My fastest Thoroughbred 1800+
)
My fastest Thoroughbred 1800+ has an average of 44min/result now, for a single CPU box it makes quite a good speed using S41.06 :-)
I see one MP2600+ (Thoroughbred core too) in the Top100 using D41.12 but the results are a little slower than my (not OCed) MP2600+ with S41.06
edit: I don't think that RAC is good for comparison, you never know how many projects and how many hours/day a box runs and what else the user does with it. It takes time for the RAC to adjust to the new result speed too.
RE: Could somebody try out
)
I happened to have spent my afternoon on controlled trials on the HT advantage/disadvantage question when I saw your request, so added your S41.07HT case to the trial.
Summary result
S41.07HT is a dramatic improvement over S41.07 for my Gallatin in HT mode, reducing the test unit CPU time from 2367 seconds to 1948 seconds. However, the non HT time was greatly increased, from 870 to 1145 seconds. So while this version restores the hypthreading benefit to its former value, unfortunately this is even more due to the slowing of the non HT case as compared to the speeding of the HT case. S41.07HT matches S40.04 on both HT and nHT CPU time to within the likely error of my measurements.
Details
As on my previous postings, all results were taken on my Gallatin (P4 EE 3.2 GHz Northwood-descended with 2 Mbyte L3 on-chip cache added, WinXP Pro SP2). The test work unit was the same, r1_0265.5_2113_S4R2a_0.[pre]
Version HT nHT HT/nHT productivity ratio
dist 7584 4630 1.22
S40 1954 1159 1.19
S40.04 1928 1141 1.18
S41.07 2367 870 0.73
S41.07HT 1948 1145 1.18[/pre]
Comments
A handful of cases where I've rerun these test cases suggest the timing repeatability is on the order of 1%.
My Gallatin has a slower FSB motherboard than is probably common (133 MHz FSB instead of 200).
Edit: after the original post I ran the new S41.07HT code on the non-hyperthreaded Gallatin, and revised my text according to the surprising result.
RE: Yes, but why should the
)
The figures posted by archae86 indicate that S41.07 can crank out a short WU in 870 seconds non-HT on the same machine on which S40.04 takes 1928 seconds in HT mode. Since 870 is less than half of 1928, theoretically it can crank out more WUs per day using S41.07 in non-HT mode. It isn't a huge difference; 1928 / 2 = 964 and 964 - 870 = 94 seconds saved. But with these crunch rates, we rapidly exceed Einstein's 32 results per day per box quota, so we have to run other projects to keep our boxes busy. Those projects enjoy a significant HT advantage that more than offsets its slight disadvantage on Einstein.

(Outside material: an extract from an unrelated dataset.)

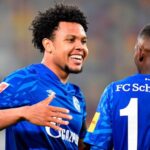 FBL-GER-BUNDESLIGA-DUESSELDORF-SCHALKE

Archae - thanx for your work,
)
Archae - thanx for your work, it's very useful and is compatible with my recent experience with p4 3.4 GHz Prescott (although I haven't tried all the possibilities you have done).
RE: The figures posted by
)
Well, 94 seconds out of 964 represents 10% improvement - this means that with HT I would waste 8600 seconds of CPU time each day. That's not negligible for me.
What about detaching and re-attaching the project? Daily quota should be reset too. If you set the cache, e.g. to be 10 days, the need for re-attaching should be maybe once per week - it is not a convenient way, but better than drying out of WUs, isn't it?
Moreover, we spend a lot of time with dealing with optimizations - thus some additional seconds spent with reattaching are negligible...
Or am I missing something?